Jerry York didn’t have Thatcher Demko on Friday. He didn’t have his primary backup, Chris Birdsall, either. With both of his goalies sidelined with upper body injuries, York had to hold his breath, accelerate first semester freshman Ian Milosz to campus, and roll him out onto the ice. His first competition wasn’t an easy one: No. 3 Providence College, the defending national champions.
For one night, all of that was okay, because York did have Colin White. The freshman center dominated in his first game back from the U-20 World Juniors Hockey Tournament in Finland. White tilted the ice every time he stepped onto it, dangling and grinding his way to three goals, one assist, and lots of scoring chances in Boston College men’s hockey 7-3 win in front of a sellout crowd at Kelley Rink.

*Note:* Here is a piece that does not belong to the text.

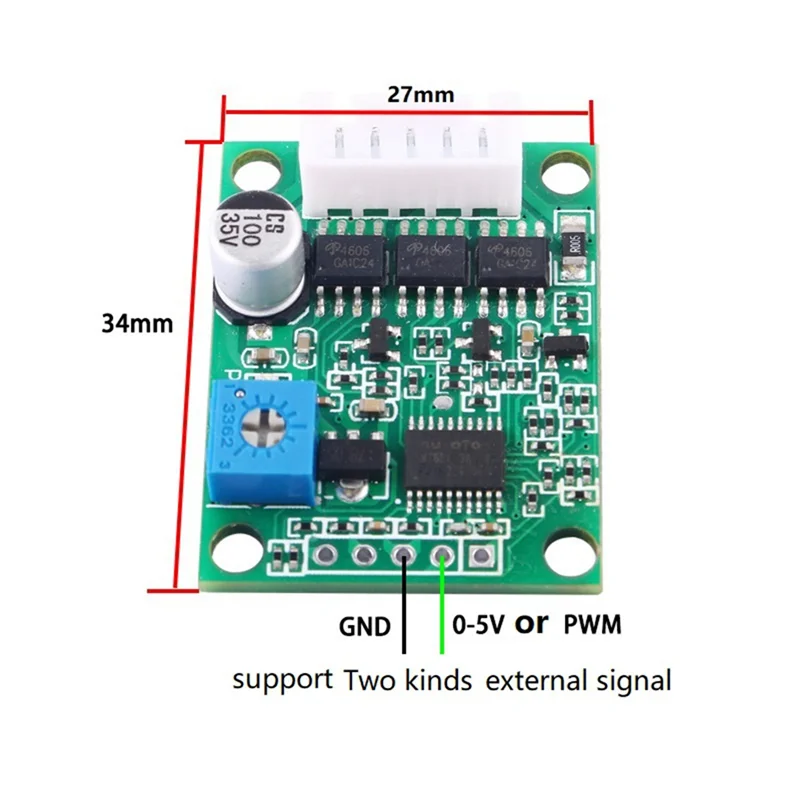 M07K-1 Set Brushless Motor Driver Board Sensorless Control Board BLDC Speed Controller 3 Phase Governor Hallless Switch Module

“I thought he [was] excellent tonight,” Providence (13-3-3, 4-1-2 Hockey East) head coach Nate Leaman said of White. “ He was the best player on the ice by far. I thought he was making a play every time he got the puck.”
BC’s defense didn’t make Milosz, fresh from the United States Premier Hockey League’s Junior Bruins, do too much, blocking eight shots to limit the number of times the goaltender had to move post-to-post. The Grafton, Mass. native’s 6-foot-7 frame got in the way enough to turn away threats from several talented Friars, such as Brandon Tanev and Hobey Baker candidate Jake Walman. After White made it 1-0 in favor of BC (14-4-1, 7-1-1), Milosz made the best save of his short career when he denied Nick Saracino on a cross-ice feed from Tanev, sliding across the crease in time to keep BC’s lead, one it never relinquished.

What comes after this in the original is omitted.